Illustration by Henry J. Ford, from Andrew Lang's Blue Fairy Book


-The maiden in Rumpelstiltskin has THREE nights on which she must spin gold.

-The Grimm's version even repeats that the bobbin goes "whirr, whirr, whirr! THREE times around"

-On the THIRD night, the baby is bargained-the climax

-The maiden has THREE nights to guess Rumpelstiltskin's true name


Illustration by Katherine Cameron


-There are TWELVE dancing Princesses, a multiple of three

-Each night they pass through THREE forests that get grander and grander-silver, gold, and diamonds

-They danced till THREE in the morning

-This happened THREE nights in a row-on the THIRD night the soldier takes a cup with him as well as the twigs
Willy Planck


The Goose Girl

-The Princess' mother gives her a handkercheif with THREE drops of blood on it

-The Princess goes out to tend the geese THREE times before she is revealed

Long ago, people thought that as they had children, each time the children improved-like each was the "newest model," so to speak-and that helps to explain all the emphasis on the youngest siblings in fairy tales. The patterns of threes may have made them, easier to remember, although it makes reading them tiresome. Some versions spell out all the details three times and some just say "And the same thing happened again." It's very similar to the phrase we still use, "Third time's the charm." Yet in modern retellings of tales, we want a faster pace so we cut out the repetitions. Anyone reading the Grimm Snow White for the first time is schocked at her stupidity, accepting gifts from the Queen three times in a row, when they are obviously meant to be deadly. But this isn't a commentary on Snow White so much as following the traditional story-telling pattern.

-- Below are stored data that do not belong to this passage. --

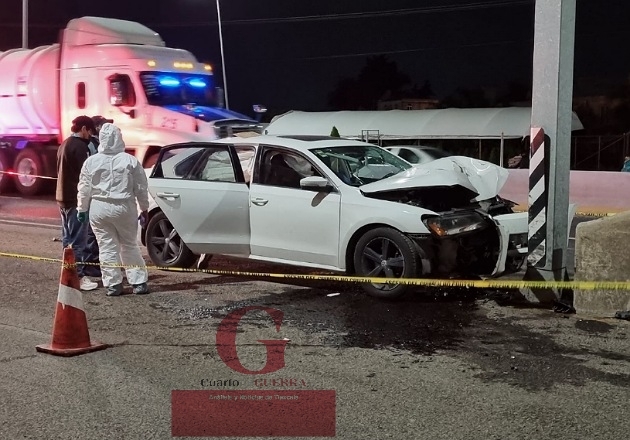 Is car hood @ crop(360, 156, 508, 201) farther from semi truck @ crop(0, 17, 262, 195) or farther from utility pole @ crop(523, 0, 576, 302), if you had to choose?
semi truck @ crop(0, 17, 262, 195)

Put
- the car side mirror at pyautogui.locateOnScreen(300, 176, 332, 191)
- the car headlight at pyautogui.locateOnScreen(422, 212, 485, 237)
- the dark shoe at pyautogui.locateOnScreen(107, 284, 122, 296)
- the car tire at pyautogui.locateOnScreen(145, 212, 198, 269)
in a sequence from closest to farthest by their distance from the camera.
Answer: the car headlight at pyautogui.locateOnScreen(422, 212, 485, 237)
the car side mirror at pyautogui.locateOnScreen(300, 176, 332, 191)
the dark shoe at pyautogui.locateOnScreen(107, 284, 122, 296)
the car tire at pyautogui.locateOnScreen(145, 212, 198, 269)

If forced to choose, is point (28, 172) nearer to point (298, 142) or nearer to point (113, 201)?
point (113, 201)

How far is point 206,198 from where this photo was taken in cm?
859

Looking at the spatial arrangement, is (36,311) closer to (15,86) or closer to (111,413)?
(111,413)

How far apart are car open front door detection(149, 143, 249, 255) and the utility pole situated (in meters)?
2.96

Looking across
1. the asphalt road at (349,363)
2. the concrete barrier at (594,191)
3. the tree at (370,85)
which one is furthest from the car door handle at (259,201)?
the tree at (370,85)

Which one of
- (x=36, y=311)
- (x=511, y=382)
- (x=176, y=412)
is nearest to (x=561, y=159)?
(x=511, y=382)

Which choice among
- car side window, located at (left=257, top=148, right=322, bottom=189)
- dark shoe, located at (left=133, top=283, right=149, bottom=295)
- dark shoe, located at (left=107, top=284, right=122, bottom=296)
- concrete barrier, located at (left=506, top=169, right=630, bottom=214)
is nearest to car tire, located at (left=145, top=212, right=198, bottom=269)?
dark shoe, located at (left=133, top=283, right=149, bottom=295)

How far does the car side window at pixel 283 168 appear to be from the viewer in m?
8.25

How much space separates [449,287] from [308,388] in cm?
324

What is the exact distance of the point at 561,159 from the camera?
24.6ft

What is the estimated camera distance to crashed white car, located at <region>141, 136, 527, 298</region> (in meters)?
7.44

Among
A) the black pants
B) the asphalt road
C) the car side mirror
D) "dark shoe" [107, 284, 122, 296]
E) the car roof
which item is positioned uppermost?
the car roof

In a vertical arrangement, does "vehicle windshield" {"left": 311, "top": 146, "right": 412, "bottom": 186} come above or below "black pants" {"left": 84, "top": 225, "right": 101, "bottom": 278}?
above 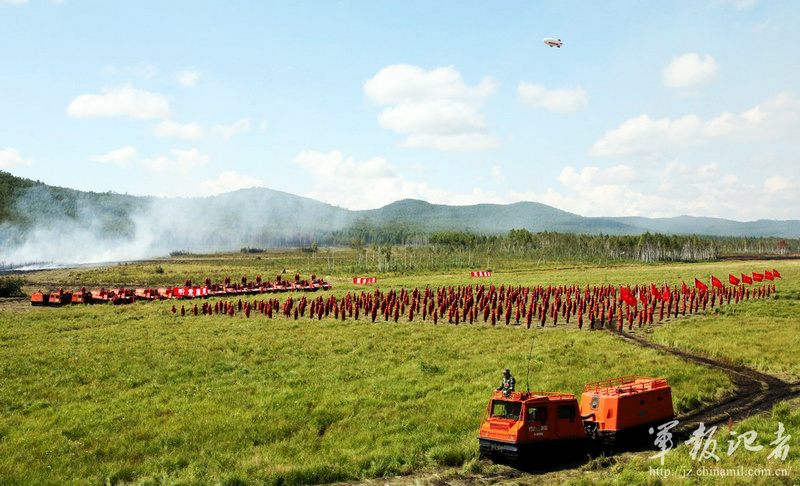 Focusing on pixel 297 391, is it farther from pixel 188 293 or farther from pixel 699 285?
pixel 188 293

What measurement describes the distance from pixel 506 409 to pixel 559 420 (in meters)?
1.37

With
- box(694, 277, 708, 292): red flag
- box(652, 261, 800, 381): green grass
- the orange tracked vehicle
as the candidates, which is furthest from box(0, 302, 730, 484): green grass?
box(694, 277, 708, 292): red flag

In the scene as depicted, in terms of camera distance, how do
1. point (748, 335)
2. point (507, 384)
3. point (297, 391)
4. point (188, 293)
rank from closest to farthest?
point (507, 384)
point (297, 391)
point (748, 335)
point (188, 293)

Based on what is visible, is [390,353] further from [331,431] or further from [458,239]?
[458,239]

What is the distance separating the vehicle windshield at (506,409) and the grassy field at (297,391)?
136 cm

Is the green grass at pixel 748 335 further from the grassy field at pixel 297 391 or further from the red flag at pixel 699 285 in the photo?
Answer: the red flag at pixel 699 285

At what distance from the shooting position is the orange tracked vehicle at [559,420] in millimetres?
13148

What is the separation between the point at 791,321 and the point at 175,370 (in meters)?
39.5

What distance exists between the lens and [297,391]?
779 inches

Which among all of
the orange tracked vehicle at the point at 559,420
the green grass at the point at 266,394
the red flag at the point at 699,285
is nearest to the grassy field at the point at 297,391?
the green grass at the point at 266,394

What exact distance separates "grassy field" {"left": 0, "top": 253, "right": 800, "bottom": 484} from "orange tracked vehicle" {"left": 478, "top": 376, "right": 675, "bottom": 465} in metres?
0.72

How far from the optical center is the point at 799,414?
1658 cm

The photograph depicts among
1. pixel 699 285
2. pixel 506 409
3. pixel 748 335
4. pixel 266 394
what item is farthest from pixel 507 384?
pixel 699 285

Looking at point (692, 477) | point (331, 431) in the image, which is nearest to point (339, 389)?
point (331, 431) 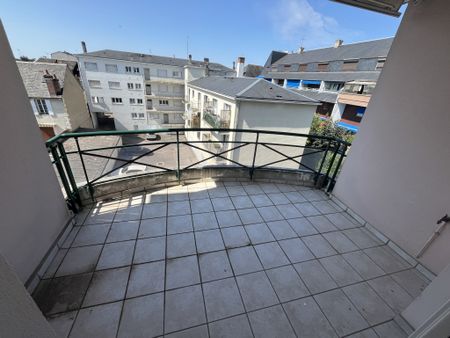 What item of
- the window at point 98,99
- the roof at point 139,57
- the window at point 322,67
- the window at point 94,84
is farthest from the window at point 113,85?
the window at point 322,67

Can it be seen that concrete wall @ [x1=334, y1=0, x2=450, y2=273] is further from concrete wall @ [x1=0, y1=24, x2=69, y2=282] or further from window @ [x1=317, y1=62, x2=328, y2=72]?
window @ [x1=317, y1=62, x2=328, y2=72]

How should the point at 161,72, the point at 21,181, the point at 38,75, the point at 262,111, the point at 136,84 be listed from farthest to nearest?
the point at 161,72
the point at 136,84
the point at 38,75
the point at 262,111
the point at 21,181

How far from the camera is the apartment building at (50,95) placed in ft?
37.2

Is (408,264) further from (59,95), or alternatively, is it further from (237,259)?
(59,95)

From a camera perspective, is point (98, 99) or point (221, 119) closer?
point (221, 119)

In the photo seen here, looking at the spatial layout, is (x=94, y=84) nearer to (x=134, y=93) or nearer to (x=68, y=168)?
(x=134, y=93)

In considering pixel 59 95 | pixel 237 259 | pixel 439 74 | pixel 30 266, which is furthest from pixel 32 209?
pixel 59 95

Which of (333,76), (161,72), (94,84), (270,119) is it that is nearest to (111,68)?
(94,84)

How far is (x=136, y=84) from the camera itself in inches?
721

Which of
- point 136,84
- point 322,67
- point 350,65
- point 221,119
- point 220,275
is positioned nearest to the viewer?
point 220,275

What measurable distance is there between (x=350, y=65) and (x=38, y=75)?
79.8 feet

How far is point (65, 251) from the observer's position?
1774mm

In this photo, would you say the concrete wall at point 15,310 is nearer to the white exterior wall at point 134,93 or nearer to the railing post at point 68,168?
the railing post at point 68,168

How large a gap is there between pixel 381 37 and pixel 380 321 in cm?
2357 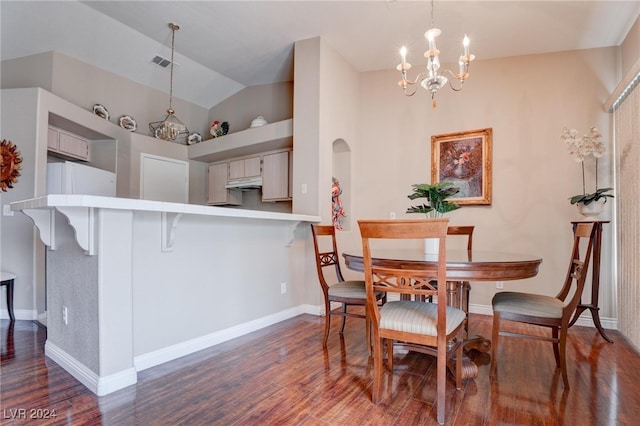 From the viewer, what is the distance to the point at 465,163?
12.6 ft

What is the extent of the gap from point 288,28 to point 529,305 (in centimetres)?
343

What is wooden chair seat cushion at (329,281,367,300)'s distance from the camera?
257 cm

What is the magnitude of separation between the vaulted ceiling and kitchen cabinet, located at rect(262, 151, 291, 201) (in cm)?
122

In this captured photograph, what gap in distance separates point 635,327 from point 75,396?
4031 mm

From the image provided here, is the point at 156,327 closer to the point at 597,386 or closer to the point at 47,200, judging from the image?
the point at 47,200

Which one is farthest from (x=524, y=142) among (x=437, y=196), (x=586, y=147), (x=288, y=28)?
(x=288, y=28)

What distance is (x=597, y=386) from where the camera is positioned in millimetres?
1996

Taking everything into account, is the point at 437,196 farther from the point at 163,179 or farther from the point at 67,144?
the point at 67,144

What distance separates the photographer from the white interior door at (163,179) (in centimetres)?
497

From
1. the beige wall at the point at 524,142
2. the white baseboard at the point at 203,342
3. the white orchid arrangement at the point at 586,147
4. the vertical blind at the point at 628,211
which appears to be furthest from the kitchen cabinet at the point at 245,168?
the vertical blind at the point at 628,211

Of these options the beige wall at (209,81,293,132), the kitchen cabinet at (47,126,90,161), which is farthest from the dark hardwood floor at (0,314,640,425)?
the beige wall at (209,81,293,132)

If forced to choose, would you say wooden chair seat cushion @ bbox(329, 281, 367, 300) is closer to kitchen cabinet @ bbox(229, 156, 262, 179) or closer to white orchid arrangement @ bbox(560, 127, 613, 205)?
white orchid arrangement @ bbox(560, 127, 613, 205)

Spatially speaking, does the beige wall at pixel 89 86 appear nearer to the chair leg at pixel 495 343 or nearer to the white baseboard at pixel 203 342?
the white baseboard at pixel 203 342

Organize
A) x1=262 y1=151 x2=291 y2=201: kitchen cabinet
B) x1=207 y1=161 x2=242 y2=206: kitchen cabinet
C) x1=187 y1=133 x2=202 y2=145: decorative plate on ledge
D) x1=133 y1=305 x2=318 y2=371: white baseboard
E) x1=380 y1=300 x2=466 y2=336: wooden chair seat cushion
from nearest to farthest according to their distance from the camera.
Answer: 1. x1=380 y1=300 x2=466 y2=336: wooden chair seat cushion
2. x1=133 y1=305 x2=318 y2=371: white baseboard
3. x1=262 y1=151 x2=291 y2=201: kitchen cabinet
4. x1=207 y1=161 x2=242 y2=206: kitchen cabinet
5. x1=187 y1=133 x2=202 y2=145: decorative plate on ledge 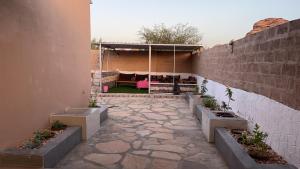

From Surlalune's annotations to Goose Girl: "The reasons and theories behind three's popularity are numerous and diverse. The number has been considered powerful across history in different cultures and religions, but not all of them. Christians have the Trinity, the Chinese have the Great Triad (man, heaven, earth), and the Buddhists have the Triple Jewel (Buddha, Dharma, Sanga). The Greeks had the Three Fates. Pythagoras considered three to be the perfect number because it represented everything: the beginning, middle, and end. Some cultures have different powerful numbers, often favoring seven, four and twelve."


Also:"The number and/or pattern of three often appears in fairy tales to provide rhythm and suspense. The pattern adds drama and suspense while making the story easy to remember and follow. The third event often signals a change and/or ending for the listener/reader. A third time also disallows coincidence such as two repetitive events would suggest."